** EXERCISE GOAL **
Nothing but the lines from the one containing "this 1288×947 image." through the last line of the entries should appear in the output, each verbatim.

==== RECORDS SHOWN

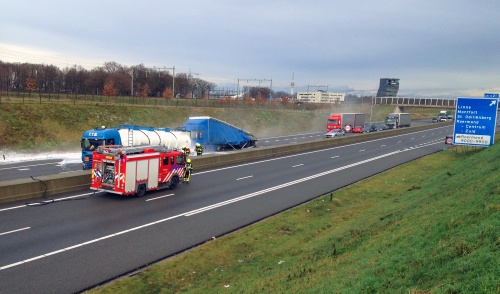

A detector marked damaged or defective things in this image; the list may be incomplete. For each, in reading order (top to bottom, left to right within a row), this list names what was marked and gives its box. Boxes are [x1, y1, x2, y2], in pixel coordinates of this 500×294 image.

damaged blue trailer [179, 115, 258, 150]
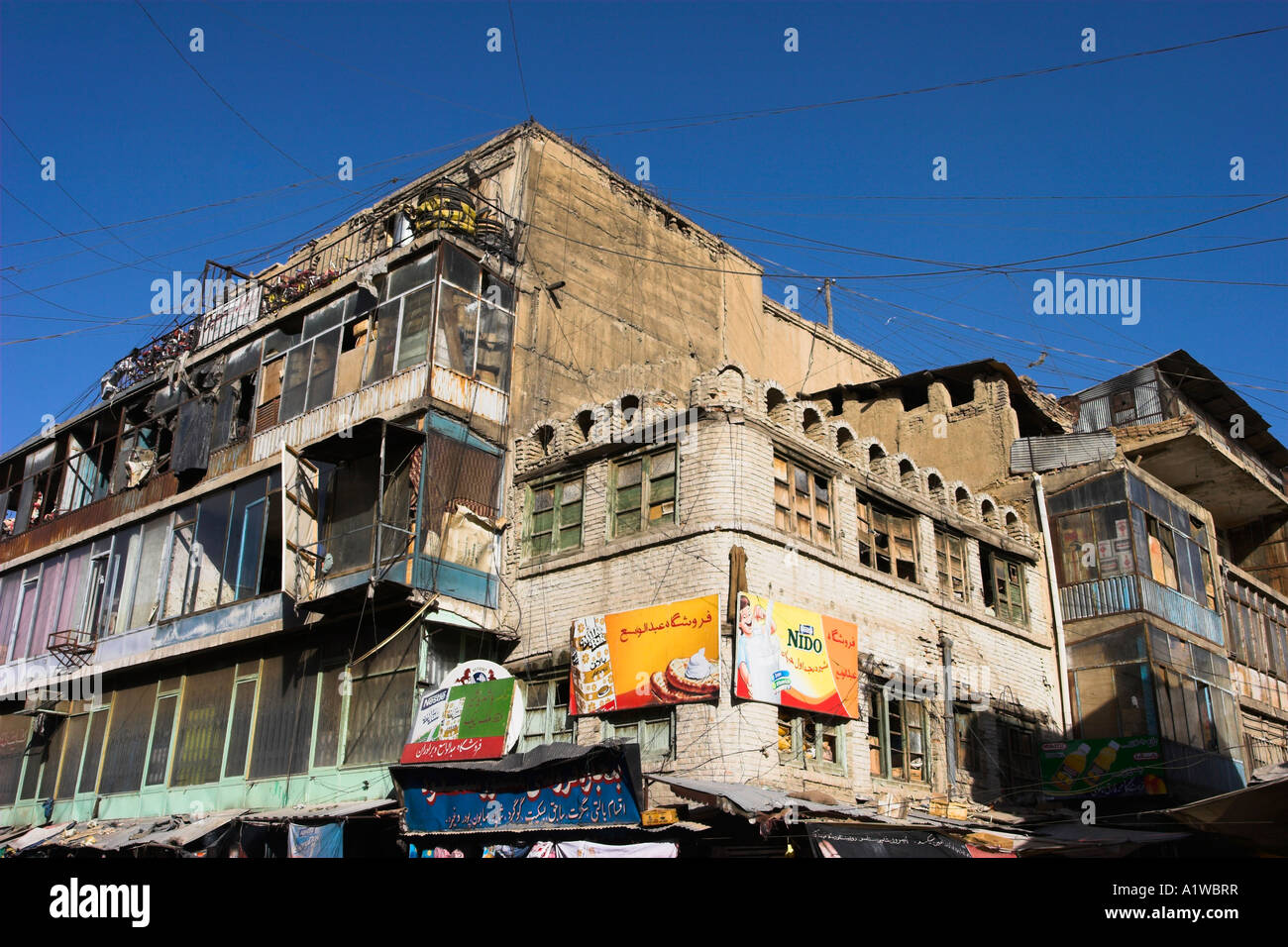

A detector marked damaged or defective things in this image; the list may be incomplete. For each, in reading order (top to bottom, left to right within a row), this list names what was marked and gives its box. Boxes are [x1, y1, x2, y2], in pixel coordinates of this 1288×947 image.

broken window [522, 472, 585, 556]
broken window [610, 446, 680, 536]
broken window [855, 491, 916, 581]
broken window [937, 530, 968, 602]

========

** COMPLETED EXERCISE **
A detector marked damaged or defective things in this image; the list may be incomplete. For each, in reading order (top to bottom, left to right within a row), this list names what was marked and gives its box. Boxes are [x1, y1, x2, y2], in pixel coordinates of this 1288×947 image.

broken window [522, 472, 585, 556]
broken window [610, 446, 680, 536]
broken window [855, 491, 916, 581]
broken window [937, 530, 968, 602]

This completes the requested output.